Sebelum memakai gadget, perlu belajar tentang seluk-beluk seluruh logika kerjanya, peraturan dan aturan pakai. Smartphone adalah barang cerdas, yang diam. Diperlukan juga pengguna yang cerdas agar tidak mudah terperdaya. Dunia maya adalah keramaian dan keriuhan yang bisa membuat lengah, perlu kewaspadaan bila ada yang datang dengan ramah dan curiga, alangkah baiknya hanya melayani orang-orang yang sudah dikenal baik saja. Berkenalan melalui dunia maya adalah rawan. Bagaimanapun juga, dunia dengan sentuhan di ujung jari ini memiliki bahaya yang sama halnya di jalan raya. Lengah sedikit, bisa menabrak atau ditabrak.
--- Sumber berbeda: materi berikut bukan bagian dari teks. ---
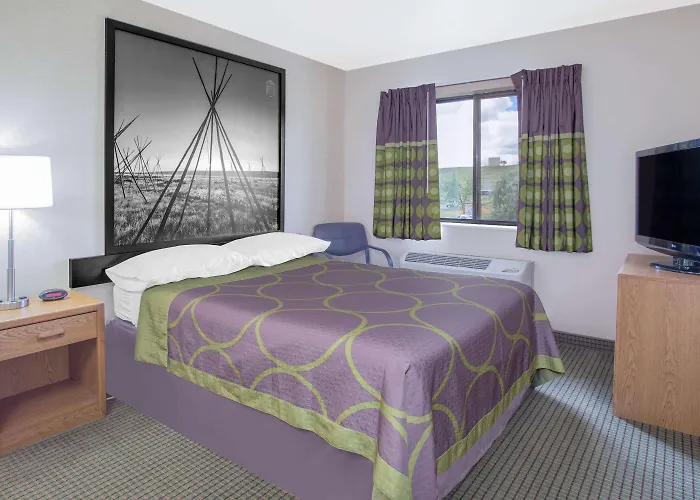 Super 8 By Wyndham Havre Hotel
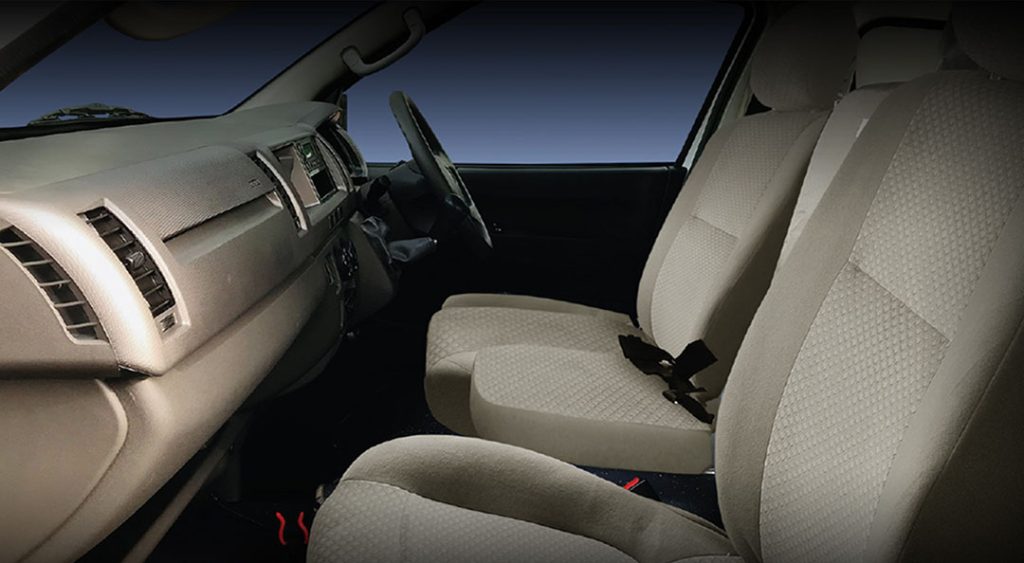 placer-x-a4-window-van-comfortable-front-row-seat Placer-X A4 window van comfortable front row seat - CAM by HS Century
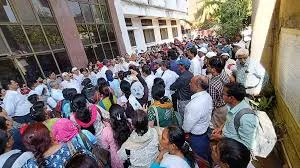 मुंबई : 300 शिक्षकों ने किया जेल भरो आंदोलन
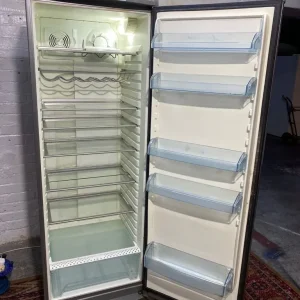 TopBrand AEG Standing Fridge Frost Free With Digital Speedo Meter - Image 7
Kini, modus serupa itu akan terus berlangsung. Bisa siapa saja yang terkena, yang penting kita tetap harus waspada dan tak mudah percaya begitu saja. Jangan berharap negara hadir untuk menyelesaikan penipuan-penipuan ini, teknologi informasi berkembang cepat dari kehadiran negara untuk mengamankan keadaan, begitu pula kejahatan. Paling penting, ujung jari tak perlu latah menyentuh ini itu di layar gadget. Pikirkan sebelum melakukan sesuatu dengan baik. Bacalah Undang Undang No. 11 Tahun 2008 tentang Informasi dan Transaksi Elektronik (ITE). Dunia maya bukanlah ruang kosong yang bebas, kita tetap harus awas. Kejahatan ada di mana-mana, berhati-hatilah selalu. Salam.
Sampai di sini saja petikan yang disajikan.